PBS Pro State down

Takayoshi Toyama
Takayoshi Toyama Altair Community Member

I ran PBS Pro for the first time in a long time and it ended up being state:down. (Currently, if you restart it, it will become state: free and you can use it)
Since the following logs existed, I suspect that there is a problem with the communication between the server and MoM.

mom_log:
01/25/2024 15:15:30;0001;pbs_mom;Svr;pbs_mom;im_eof, Premature end of message from addr xx.xx.xx.xx:15001 on stream 1
01/25/2024 15:15:30;0002;pbs_mom;Svr;im_eof;Server closed connection.

sever_log:
01/25/2024 15:15:26;0001;Server@xxxxxxx;Svr;Server@xxxxxxx;svr_save_db, Unable to save server data base Execution of Prepared statement insert_svr failed: no connection to the server
01/25/2024 15:15:26;0001;Server@xxxxxxx;Svr;Server@xxxxxxx;panic_stop_db, Panic shutdown of Server on database error.  Please check PBS_HOME file system for no space condition.
01/25/2024 15:15:26;0002;Server@xxxxxxx;Svr;Server@xxxxxxxr;Stopping PBS dataservice
01/25/2024 15:15:30;0002;Server@xxxxxxx;Svr;Log;Log closed

I'm using firewall, does opening ports 15001-15009 and 17001 in TCP prevent state:down?

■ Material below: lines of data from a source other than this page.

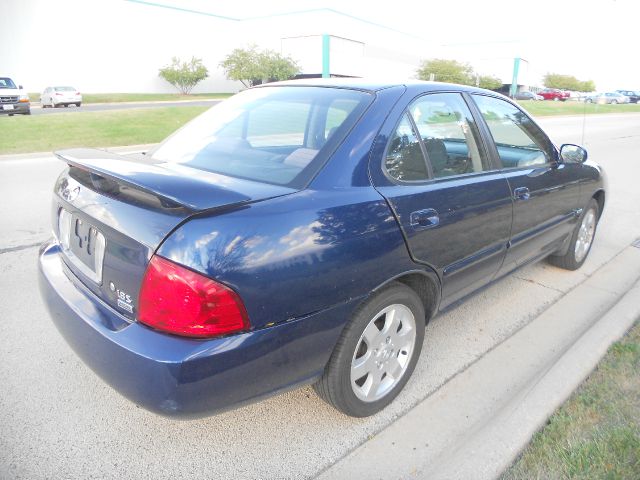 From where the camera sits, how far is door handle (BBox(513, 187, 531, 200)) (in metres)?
3.20

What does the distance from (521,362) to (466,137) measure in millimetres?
1460

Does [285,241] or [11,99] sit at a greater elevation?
[11,99]

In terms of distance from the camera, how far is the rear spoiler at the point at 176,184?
6.10ft

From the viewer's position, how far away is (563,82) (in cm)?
8350

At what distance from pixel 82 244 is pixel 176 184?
0.66 m

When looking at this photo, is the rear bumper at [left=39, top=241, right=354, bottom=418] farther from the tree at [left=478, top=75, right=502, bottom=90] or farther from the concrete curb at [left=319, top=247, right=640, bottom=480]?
the tree at [left=478, top=75, right=502, bottom=90]

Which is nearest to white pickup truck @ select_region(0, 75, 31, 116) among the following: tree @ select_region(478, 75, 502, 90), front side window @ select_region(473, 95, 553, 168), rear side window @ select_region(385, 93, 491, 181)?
front side window @ select_region(473, 95, 553, 168)

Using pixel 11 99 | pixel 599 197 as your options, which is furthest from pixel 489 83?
pixel 599 197

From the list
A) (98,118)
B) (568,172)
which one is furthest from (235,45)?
(568,172)

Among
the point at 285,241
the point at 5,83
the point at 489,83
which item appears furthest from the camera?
the point at 489,83

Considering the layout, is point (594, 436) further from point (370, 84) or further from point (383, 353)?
point (370, 84)

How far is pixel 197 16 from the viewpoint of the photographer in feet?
183

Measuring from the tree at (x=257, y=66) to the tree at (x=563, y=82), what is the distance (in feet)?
168

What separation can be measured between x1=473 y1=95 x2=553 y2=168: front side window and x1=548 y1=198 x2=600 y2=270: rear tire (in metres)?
1.03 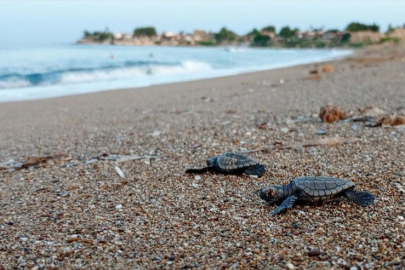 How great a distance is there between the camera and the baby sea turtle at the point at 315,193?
3.01 m

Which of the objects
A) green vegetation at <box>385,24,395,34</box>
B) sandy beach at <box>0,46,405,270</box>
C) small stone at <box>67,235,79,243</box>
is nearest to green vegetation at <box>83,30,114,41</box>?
green vegetation at <box>385,24,395,34</box>

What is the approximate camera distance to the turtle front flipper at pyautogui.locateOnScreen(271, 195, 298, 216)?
297 centimetres

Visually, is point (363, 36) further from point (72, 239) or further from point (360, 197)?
point (72, 239)

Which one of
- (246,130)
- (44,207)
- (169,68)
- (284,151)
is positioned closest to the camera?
(44,207)

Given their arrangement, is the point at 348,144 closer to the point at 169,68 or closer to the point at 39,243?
the point at 39,243

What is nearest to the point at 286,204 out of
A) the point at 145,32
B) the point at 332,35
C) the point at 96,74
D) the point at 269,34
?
the point at 96,74

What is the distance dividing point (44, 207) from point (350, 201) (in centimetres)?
236

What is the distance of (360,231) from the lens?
262 centimetres

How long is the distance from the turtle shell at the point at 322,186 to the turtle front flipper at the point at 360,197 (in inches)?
2.1

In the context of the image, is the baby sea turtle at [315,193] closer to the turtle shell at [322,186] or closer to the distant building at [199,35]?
the turtle shell at [322,186]

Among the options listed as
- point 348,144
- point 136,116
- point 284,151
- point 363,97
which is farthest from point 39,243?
point 363,97

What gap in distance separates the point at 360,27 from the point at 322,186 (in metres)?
104

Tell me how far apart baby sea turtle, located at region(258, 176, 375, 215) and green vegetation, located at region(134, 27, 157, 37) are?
94513 millimetres

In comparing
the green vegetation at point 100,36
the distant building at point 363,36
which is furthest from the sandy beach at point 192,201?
the distant building at point 363,36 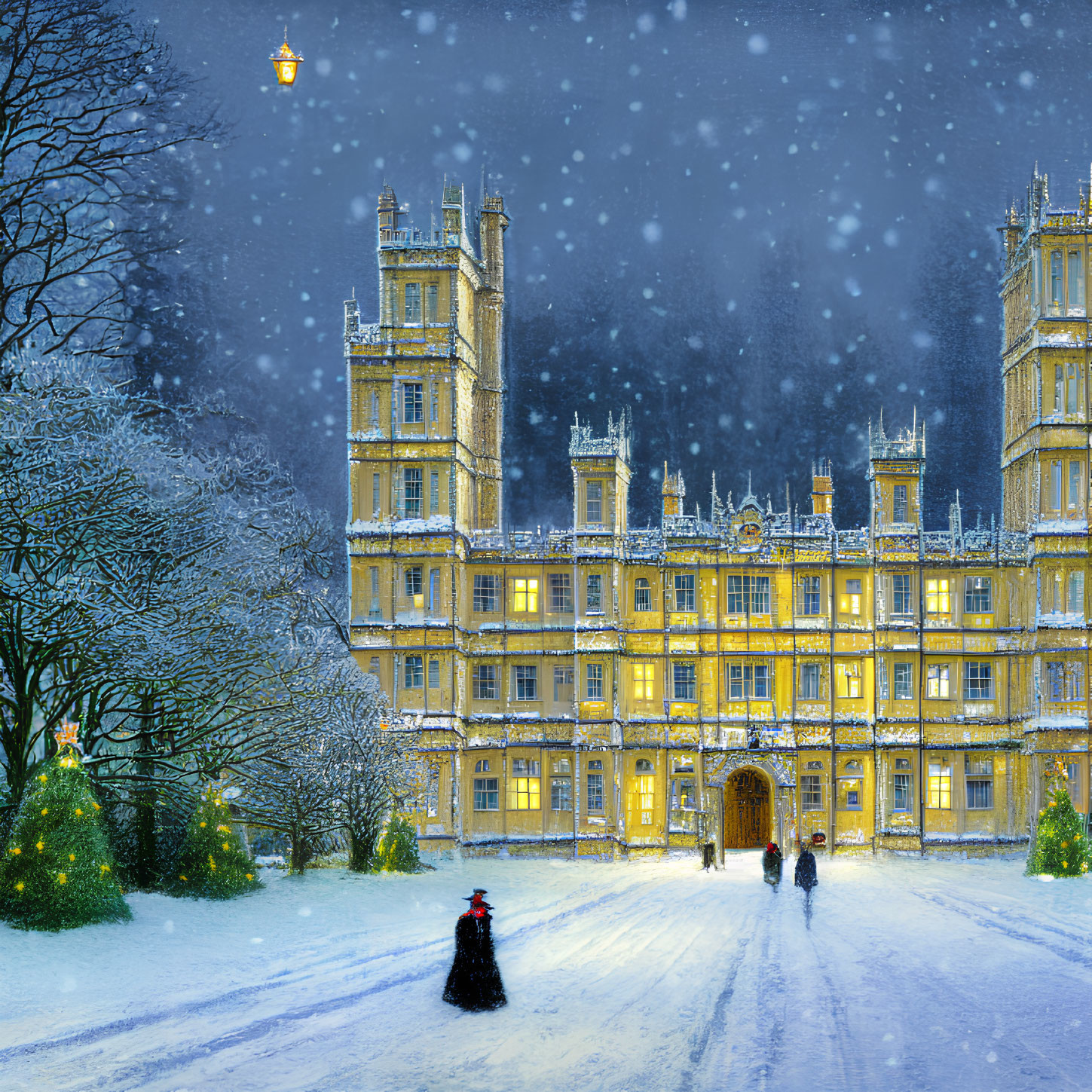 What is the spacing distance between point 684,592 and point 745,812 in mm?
8115

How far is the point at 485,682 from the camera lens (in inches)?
2009

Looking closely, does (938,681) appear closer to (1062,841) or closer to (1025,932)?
(1062,841)

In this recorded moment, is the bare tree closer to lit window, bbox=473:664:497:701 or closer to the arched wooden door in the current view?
lit window, bbox=473:664:497:701

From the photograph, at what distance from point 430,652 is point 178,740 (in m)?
18.2

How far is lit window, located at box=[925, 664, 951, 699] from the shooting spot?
51.8 m

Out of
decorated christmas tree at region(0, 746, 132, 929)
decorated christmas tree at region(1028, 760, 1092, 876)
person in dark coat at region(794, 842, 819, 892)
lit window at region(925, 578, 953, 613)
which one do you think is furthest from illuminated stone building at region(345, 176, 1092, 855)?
decorated christmas tree at region(0, 746, 132, 929)

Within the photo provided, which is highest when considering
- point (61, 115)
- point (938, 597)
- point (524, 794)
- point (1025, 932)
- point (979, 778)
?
point (61, 115)

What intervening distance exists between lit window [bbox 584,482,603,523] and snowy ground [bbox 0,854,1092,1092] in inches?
755

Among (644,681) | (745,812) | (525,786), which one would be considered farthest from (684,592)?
(525,786)

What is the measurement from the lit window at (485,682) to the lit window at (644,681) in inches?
198

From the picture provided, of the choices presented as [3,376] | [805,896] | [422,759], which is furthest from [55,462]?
[422,759]

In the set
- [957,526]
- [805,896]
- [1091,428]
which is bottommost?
[805,896]

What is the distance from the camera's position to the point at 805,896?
31.3 meters

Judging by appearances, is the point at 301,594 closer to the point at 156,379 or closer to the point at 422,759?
the point at 422,759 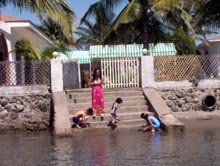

I'm going to set the firewall settings as follows. (port part of "firewall-cmd --list-all")
 ports: 15001-15009/tcp 17001/tcp

The PBS version uses 19.2.6.

Answers

  • Jake Goldingay
    Jake Goldingay
    Altair Employee
    edited January 31

    Hi Takayoshi,

    Please see the below ports which each daemon listens at for PBS v19.2.6

    Daemon Listening at Port Port Number Protocol Type of Communication
    pbs_server 15001 TPP (TCP) All communication to server
    pbs_mom 15002 TPP (TCP) All communication to MoM
    pbs_resmon 15003 TPP (TCP) Scheduler-MoM resource requests
    (pbs_resmon listens on this port)
    pbs_sched 15004 TPP (TCP) All communication to scheduler
    pbs_datastore 15007 proprietary PBS information storage and retrieval
    pbs_comm 17001 TPP (TCP) All communication to pbs_comm
  • Takayoshi Toyama
    Takayoshi Toyama Altair Community Member
    edited May 27

    Hi Jake, 

    Thanks for the reply.

    Unfortunately, I opened the firewall, but PBS Down occurred.

    However, when I set only the PBS version to "2022.1.5" in the exact same environment, The Down no longer occurs.

    Therefore, I checked the Bug Lists in the release notes in "19.2.6"->"2022.1.5" and excerpted the parts that may be relevant below.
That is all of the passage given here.